Perros en las Almas Muertas de Gogol (I)
Chichikov es un sinvergüenza, un demonio menor (en realidad, un pobre diablo), que recorre Rusia en una brichka, un cochecito tirado por caballos, visitando a terratenientes de todo pelo, con el errático propósito de convertirse en uno de ellos, pero sólo sobre el papel. Ha ideado una artimaña, que considera perfecta: comprarles a aquellos los siervos (almas) que se les han muerto pero que aún no constan como tales en el registro del gobierno zarista. Con el trato, los terratenientes no habrán de seguir pagando los impuestos debidos por la posesión de esos campesinos – que siguen figurando como vivos – y el granuja de nuestro protagonista podrá seguir acrecentando su imaginario poderío como potentado.
Las visitas a las haciendas de esos magnates rurales se convertirán en la descripción más descarnada y arrasadora de la nobleza rural rusa del siglo XIX. Sólo el despiste de la censura permitió que la primera parte de Almas Muertas se publicase, dando con ello origen a la gran tradición novelística, que alcanzará sus cumbres en Dostoyevskii y Tolstoi.
Si uno visita la formidable edición crítica publicada en Vía Láctea (Akal) o cualquiera de las otras ediciones, podrá descubrir muy pronto cómo los caminos y las explotaciones de la Rusia de la época estaban llenas de perros. Perros, unas veces (las más) hambrientos, sucios y despreciados, que ladraban amenazadores a cualquiera que se acercara a las propiedades que custodiaban; pero, otras veces (las menos), perros apreciados e idolatrados, que despiertan las pasiones de algunos de los protagonistas.

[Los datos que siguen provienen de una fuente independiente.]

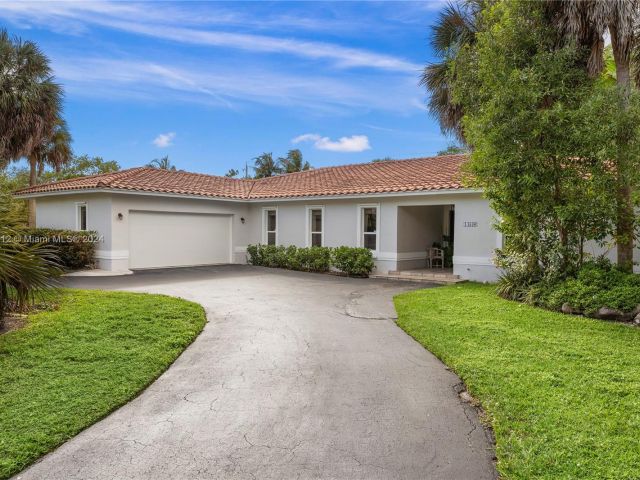 Home for sale at 14530 Pompano Dr - photo 4929960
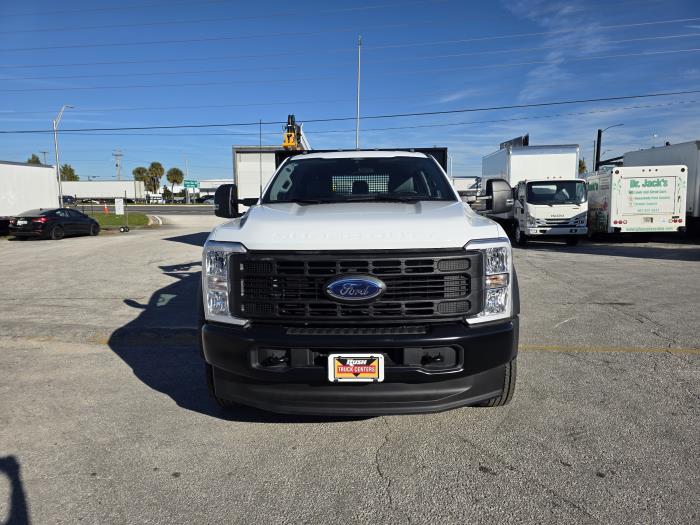 2025 Ford F-550-2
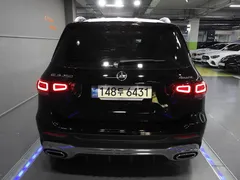 2023 Mercedes-Benz GLB-Class GLB250 4MATIC — фото 4
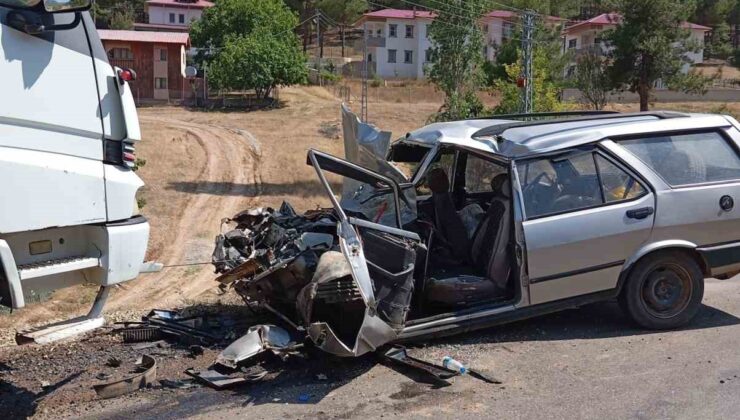 Tarsus’ta kamyon ile otomobil kafa kafaya çarpıştı: 1 yaralı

La existencia perruna se antoja difícil y desagradable y, demasiadas veces, “perro” sirve como moneda de cambio para definir lo peor del carácter humano. El sumun de esta circunstancia se encarna en el personaje del terrateniente Sobakievich, cuyo propio patronímico procede de la palabra rusa sobaka (perro), lo que califica claramente su carácter, y – sin embargo – se pasa el día llamando “perros” a otros actores de la novela.

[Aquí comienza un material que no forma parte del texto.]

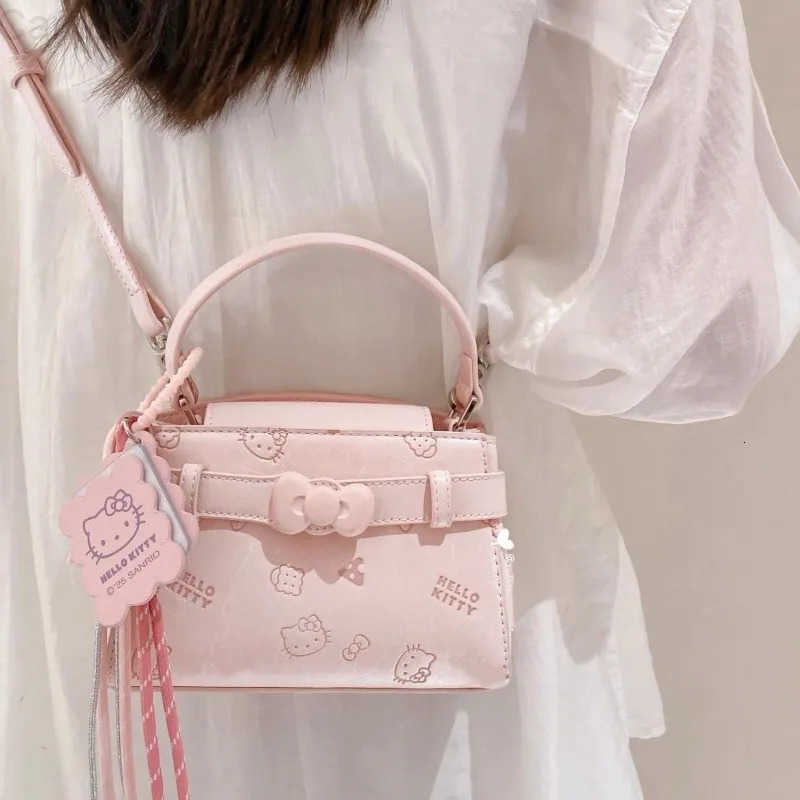 Sanrio 2025 New Kawaii Hello Kitty Handbag Japanese Cartoon Girl Heart Cross Shoulder Bag High Beauty Girl Birthday Gift H251216
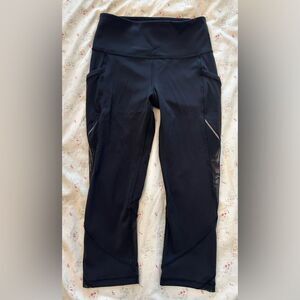 Lululemon Home Stretch Crop in Black Size 4
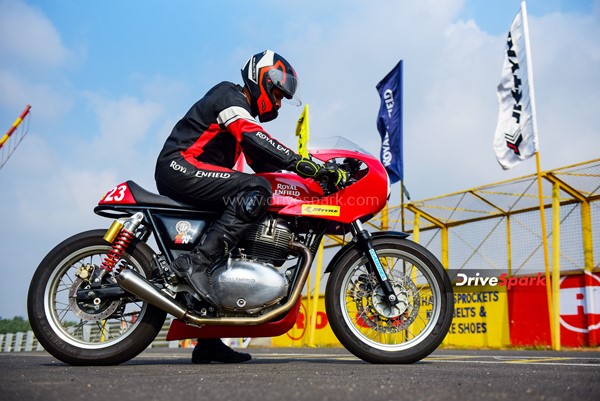 Royal Enfield Continental GT-R650 और GT Cup: Royal Enfield रेट्रो रेसिंग एक बार फिर आई वापस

La lectura de Almas Muertas nos permite, por tanto, de forma muy plástica, ver el papel exacto de los perros en la sociedad rural rusa de la primera mitad del siglo XIX. Desde Cat&Dog Tank, aprovechamos para recomendar su lectura, como una de las más descacharrantes de toda la literatura clásica universal. A continuación, dejaremos un par de posts con pasajes caninos de la misma: el primero, procedente de la visita a la terrateniente Korobochka y el segundo correspondiente al encuentro con el terrateniente Nosdriov. ¡Que los disfruten!
(i)
El portón se abrió. Una lucecita apareció un instante también en otra ventana. La brichka, entrando en el patio, se detuvo ante una pequeña casita que resultaba difícil de percibir a causa de la oscuridad. Sólo una mitad de la misma aparecía iluminada con la luz que salía de la ventana; aún se veía un charco delante de la casa, sobre el que pegaba la misma luz. La lluvia golpeaba ruidosamente sobre el tejado de madera y discurría en arroyos susurrantes hacia un tonel que se había puesto debajo. Entretanto, los perros ladraban en todas las voces posibles: uno, con la cabeza echada hacia arriba, cantaba con tanta monotonía y tanto esfuerzo como si por ello recibiera sabrá Dios qué sueldo; otro lo hacía a toda prisa como un sacristán; entre ellos, sonaba como la campanilla de un cartero, una soprano inquieta, seguramente un joven cachorro, y todo esto, por fin, lo remataba el bajo, quizá viejo, dotado de una fuerte naturaleza perruna, porque roncaba igual que ronca el contrabajo del coro cuando el concierto está en su pleno apogeo: el tenor se pone de puntillas por el fuerte deseo de elevar la nota superior y todo el conjunto se esfuerza en elevarse, echando la cabeza hacia atrás; y él, solo, encajando el mentón sin afeitar en la corbata, se inclina un momento y baja casi hasta tocar la tierra, dejando salir desde allí su nota, que hace temblar y tintinear los cristales. Ya por el solo ladrido de los perros, ofrecido por tantos intérpretes, podía suponerse que el caserío era bastante grande; no obstante, nuestro empapado y aterido héroe ni reparó en ello, sólo pensaba en las sábanas y mantas de una cama.